2015 GSA Annual Meeting in Baltimore, Maryland, USA (1-4 November 2015)

Paper No. 208-4
Presentation Time: 9:00 AM-6:30 PM


NUNEZ, Brian E.1, LUKES, Laura A.2 and RUSHING, Madeleine B.1, (1)Atmospheric, Oceanic, and Earth Sciences, George Mason University, 4400 University Dr., Fairfax, VA 22030, (2)CTFE; Department of Atmospheric, Oceanic, & Earth Sciences, George Mason University, 4400 University Drive, 241 Johnson Center, Fairfax, VA 22030, brianenunez@gmail.com

Introductory course experience is believed to be a major pathway to attract new geology majors (Houlton, 2010) and little is known about this experience in geoscience courses (2012, National Research Council). Student studying techniques, in particular, are rarely researched for geology courses.

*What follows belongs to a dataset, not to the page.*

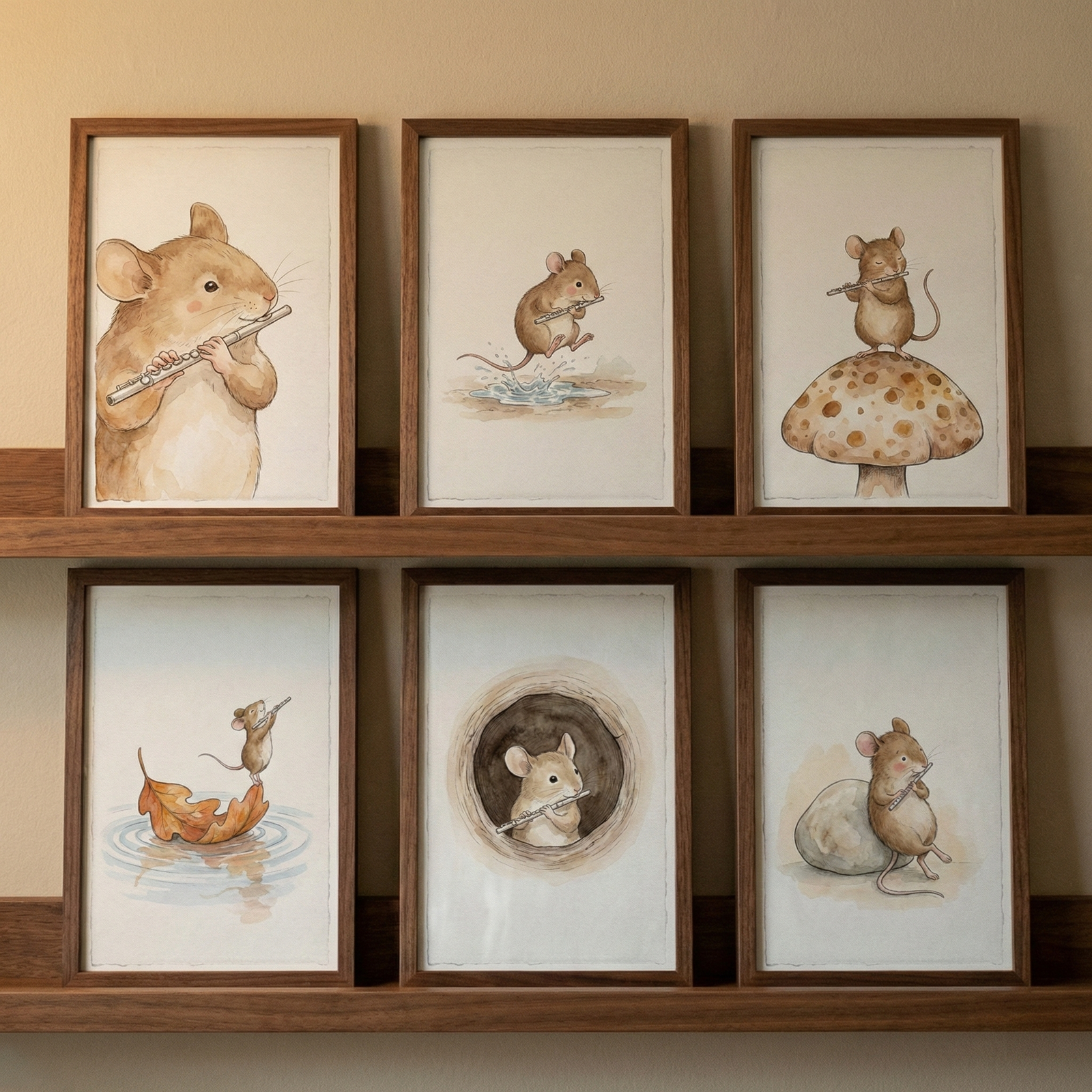 Six framed watercolor-style illustrations of a whimsical brown mouse are arranged on two wooden shelves. Each artwork depicts the mouse interacting with nature while holding or playing a small flute. The scenes include the mouse playing the instrument in a close-up, jumping over a puddle, standing atop a large spotted mushroom, balancing on a floating leaf, peeking from a tree burrow, and resting against a smooth stone. The frames are dark wood, set against a neutral-toned wall.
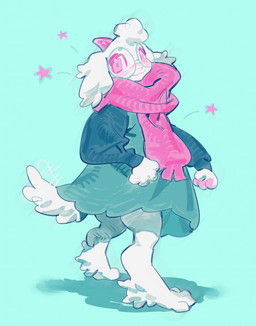 anthro black_sleeves clothing digitigrade eyewear floppy_ears fur glasses green_clothing green_eyewear green_glasses green_robe horn lop_ears male pink_eyes pink_horn pink_scarf robe scarf solo tail white_body white_fur shug888 deltarune undertale_(series) ralsei bovid caprine goat mammal full-length_portrait hi_res portrait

From analyzing student reflections on how they learn, we can gain a better view into how students are experiencing the learning process in/outside of the classroom. A series of student pre and post-test reflection activities, also known as exam or cognitive wrappers, were used to characterize student studying methods and habits throughout one semester in an introductory Historical Geology course. Students were asked to identify the resources and learning strategies they used to study, as well as the timing of when they chose to study. Student confidence in the effectiveness of their learning strategies was also measured by proxy through student estimations of what their assessment scores would be for each module quiz, which initiated the reflection process and allowed students to self-monitor the effectiveness of their study habits. Most studying reportedly occurred within four days prior to an assessment, with a notable decline during weekends for all modules. Students reported a studying focus on instructor posted slideshows and study guides, in addition to assigned learning material, rather than a reliance on the textbook. While a variety of learning strategies were reported for studying, it was found that rereading notes from class was the most frequently reported strategy used for all modules. Students were mainly overconfident in predicting their assessment scores for the first, second, and fourth modules, and were under confident with their predictions for the third module. Exam wrappers and student reflection activities can be used to better support students by allowing faculty to track individual student self-reflection process and their change in strategy use as it relates to specific content. The aggregate data from these activities also informs the instructor of the perceived value of instructor-provided resources and course structures. Reflection on these insights can be used to improve the overall student experience.